What to work on> Look through the data below and extract, unchanged, the lines from the one that contains "U.S. Net External Debt % GDP Yearly" to the one that contains "Introdução - Como", both included.

Task material>

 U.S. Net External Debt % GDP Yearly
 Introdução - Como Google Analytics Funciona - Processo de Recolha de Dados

* * *

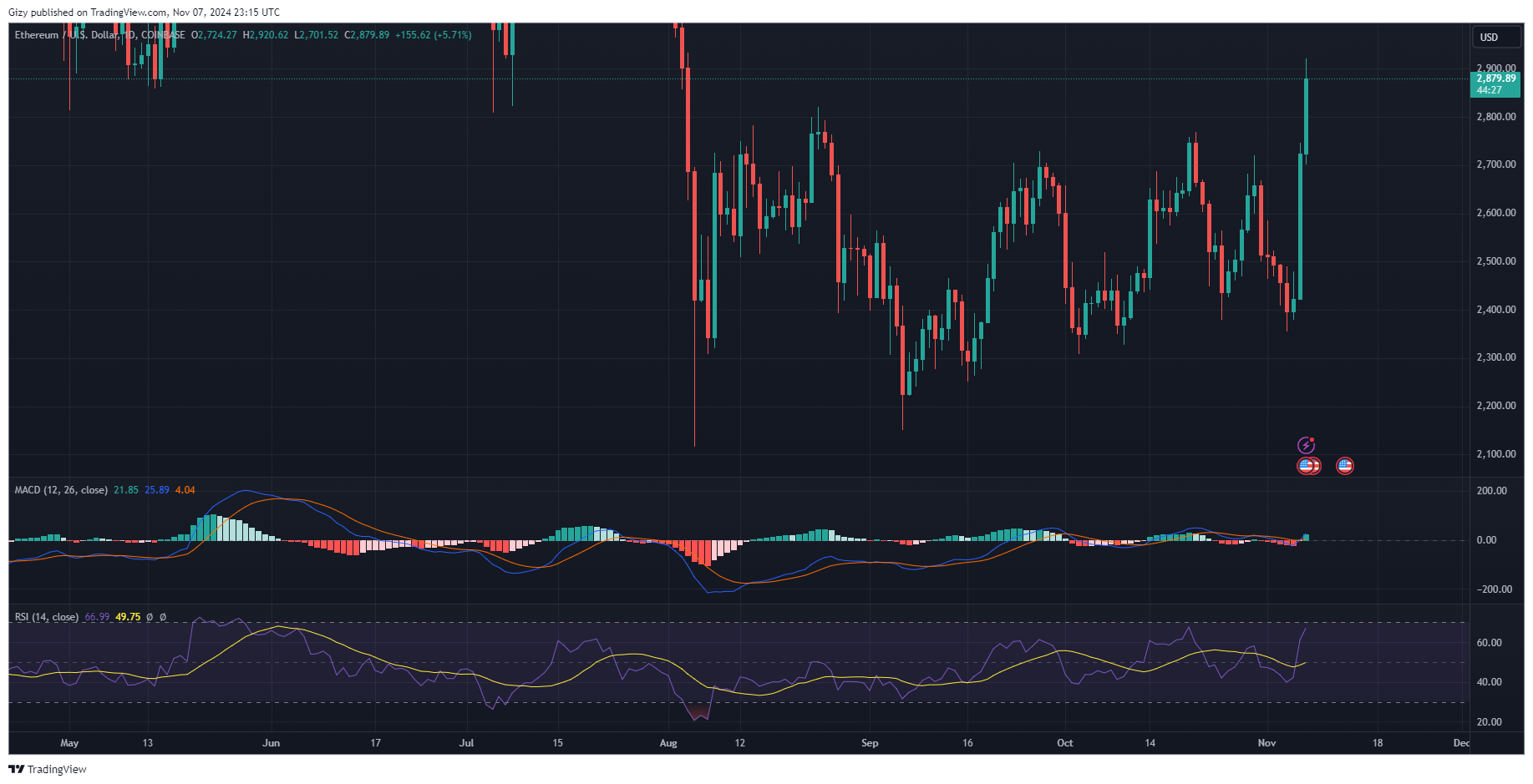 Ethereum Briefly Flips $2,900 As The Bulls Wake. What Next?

Response to the task>
 U.S. Net External Debt % GDP Yearly
 Introdução - Como Google Analytics Funciona - Processo de Recolha de Dados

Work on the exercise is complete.